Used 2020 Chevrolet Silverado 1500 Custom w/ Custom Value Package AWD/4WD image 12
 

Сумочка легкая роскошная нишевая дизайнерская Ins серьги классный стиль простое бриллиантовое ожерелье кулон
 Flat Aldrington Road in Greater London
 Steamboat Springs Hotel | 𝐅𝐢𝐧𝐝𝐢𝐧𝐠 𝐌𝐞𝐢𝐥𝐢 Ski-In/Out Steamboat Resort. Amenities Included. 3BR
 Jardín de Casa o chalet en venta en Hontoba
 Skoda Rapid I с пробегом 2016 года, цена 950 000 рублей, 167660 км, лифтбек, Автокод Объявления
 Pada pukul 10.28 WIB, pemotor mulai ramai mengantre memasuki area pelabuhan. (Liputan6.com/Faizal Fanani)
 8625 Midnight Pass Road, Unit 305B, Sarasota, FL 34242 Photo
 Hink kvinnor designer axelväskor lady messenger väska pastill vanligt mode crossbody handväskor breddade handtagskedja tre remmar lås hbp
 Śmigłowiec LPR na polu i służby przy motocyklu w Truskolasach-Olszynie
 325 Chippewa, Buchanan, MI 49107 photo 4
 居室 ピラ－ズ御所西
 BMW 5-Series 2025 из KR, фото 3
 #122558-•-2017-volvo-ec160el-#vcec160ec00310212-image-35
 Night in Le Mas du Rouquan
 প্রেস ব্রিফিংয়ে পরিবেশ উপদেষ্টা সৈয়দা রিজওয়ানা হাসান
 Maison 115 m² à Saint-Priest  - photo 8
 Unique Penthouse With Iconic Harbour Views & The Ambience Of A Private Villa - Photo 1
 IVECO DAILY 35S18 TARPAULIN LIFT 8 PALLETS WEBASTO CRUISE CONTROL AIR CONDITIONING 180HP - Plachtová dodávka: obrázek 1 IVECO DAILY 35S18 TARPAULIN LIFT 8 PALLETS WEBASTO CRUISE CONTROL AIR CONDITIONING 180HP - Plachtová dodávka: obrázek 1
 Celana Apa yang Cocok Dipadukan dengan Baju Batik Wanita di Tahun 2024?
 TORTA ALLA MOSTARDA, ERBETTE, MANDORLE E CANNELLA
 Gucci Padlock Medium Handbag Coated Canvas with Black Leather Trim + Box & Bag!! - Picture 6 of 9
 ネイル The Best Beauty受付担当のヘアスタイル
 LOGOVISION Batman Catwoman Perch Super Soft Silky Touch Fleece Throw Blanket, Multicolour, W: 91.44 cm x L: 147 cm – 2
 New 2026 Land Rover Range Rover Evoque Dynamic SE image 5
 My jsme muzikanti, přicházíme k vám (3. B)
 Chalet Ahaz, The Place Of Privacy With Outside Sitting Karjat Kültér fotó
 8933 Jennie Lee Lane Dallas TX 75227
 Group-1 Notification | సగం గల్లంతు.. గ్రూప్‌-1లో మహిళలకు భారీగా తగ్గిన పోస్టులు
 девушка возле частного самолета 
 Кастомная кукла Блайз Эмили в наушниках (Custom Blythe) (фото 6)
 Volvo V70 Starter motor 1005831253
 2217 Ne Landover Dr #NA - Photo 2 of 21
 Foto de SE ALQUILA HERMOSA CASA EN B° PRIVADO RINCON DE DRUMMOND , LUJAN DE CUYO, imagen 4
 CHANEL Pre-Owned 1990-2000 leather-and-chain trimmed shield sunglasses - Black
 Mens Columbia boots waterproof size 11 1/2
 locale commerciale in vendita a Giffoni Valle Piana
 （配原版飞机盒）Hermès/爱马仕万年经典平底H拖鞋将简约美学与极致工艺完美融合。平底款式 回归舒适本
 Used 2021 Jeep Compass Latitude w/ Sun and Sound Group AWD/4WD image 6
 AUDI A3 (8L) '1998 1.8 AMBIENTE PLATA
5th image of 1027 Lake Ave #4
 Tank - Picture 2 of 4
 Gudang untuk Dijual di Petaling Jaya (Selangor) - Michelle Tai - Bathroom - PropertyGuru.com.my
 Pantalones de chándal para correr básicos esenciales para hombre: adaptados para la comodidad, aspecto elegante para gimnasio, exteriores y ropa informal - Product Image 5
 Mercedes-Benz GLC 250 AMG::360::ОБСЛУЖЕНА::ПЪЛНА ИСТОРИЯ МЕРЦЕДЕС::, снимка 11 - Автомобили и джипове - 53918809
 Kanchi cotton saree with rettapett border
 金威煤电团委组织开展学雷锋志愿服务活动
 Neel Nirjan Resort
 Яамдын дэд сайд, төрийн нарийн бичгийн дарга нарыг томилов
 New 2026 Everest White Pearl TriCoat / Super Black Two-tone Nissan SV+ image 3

════════════════════

• YOUR ASSIGNMENT
Using the entries above, extract exactly the span from the line with "Jardín de Casa o chalet en venta en Hontoba" to the line with "Śmigłowiec LPR na", both lines included; leave out everything else.

• ANSWER AREA
 Jardín de Casa o chalet en venta en Hontoba
 Skoda Rapid I с пробегом 2016 года, цена 950 000 рублей, 167660 км, лифтбек, Автокод Объявления
 Pada pukul 10.28 WIB, pemotor mulai ramai mengantre memasuki area pelabuhan. (Liputan6.com/Faizal Fanani)
 8625 Midnight Pass Road, Unit 305B, Sarasota, FL 34242 Photo
 Hink kvinnor designer axelväskor lady messenger väska pastill vanligt mode crossbody handväskor breddade handtagskedja tre remmar lås hbp
 Śmigłowiec LPR na polu i służby przy motocyklu w Truskolasach-Olszynie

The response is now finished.